Varadaraj: Many food and beverage producers are utilizing oil-free air compressors in their daily operations. Take one organic winemaker in France as an example. It utilizes the ELGi AB Series oil-free air compressors that provides disruptive benefits in terms of efficiency, reliability and air quality. For a premium winemaker, it is crucial to ensure the compressed air used is of the highest quality to avoid potential contamination. The oil-free compressors deliver class 0 quality nitrogen that is used during the blanketing process and it prevents variations in taste or color. Since installing the ELGi AB series oil-free compressors, the compressor has performed flawlessly and helped produce the world-famous French red wine. We also have several other case studies upon request.

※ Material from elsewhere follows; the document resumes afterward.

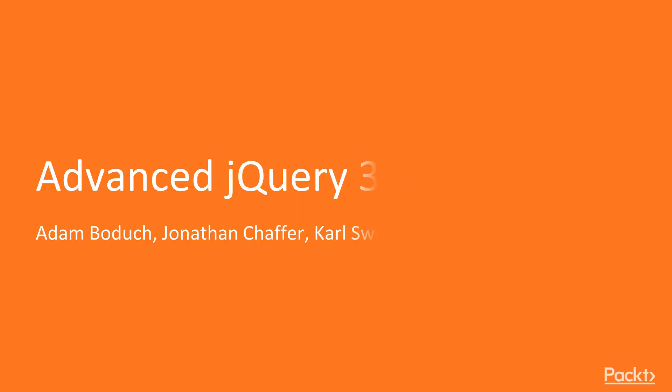Welcome to the course Advanced jQuery 3, a video course by Packt Publishing. I'm Alastair Uwain, and I will be your presenter for this course.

Q. Do oil-free air compressors provide any other benefits to food and beverage production?
Varadaraj: Aside from providing class 0 quality compressed air, oil-free compressors have many significant advantages over oil-flooded air compressors. Firstly, oil-free compressors can help food and beverage producers save costs. An oil-free compressed air system does not require downstream oil filters, which reduces initial installation cost and the cost of replacement of filters, and it removes unnecessary pressure drops in the compressed air system. System pressure can be maintained to the application pressure requirement, which results in energy savings.
In addition, the condensate that comes out of an oil-free air compressor can be safely disposed of without further treatment. This saves money for the installation and maintenance of condensate treatment and disposal equipment, making oil-free air compressors both a cost-efficient and sustainable solution.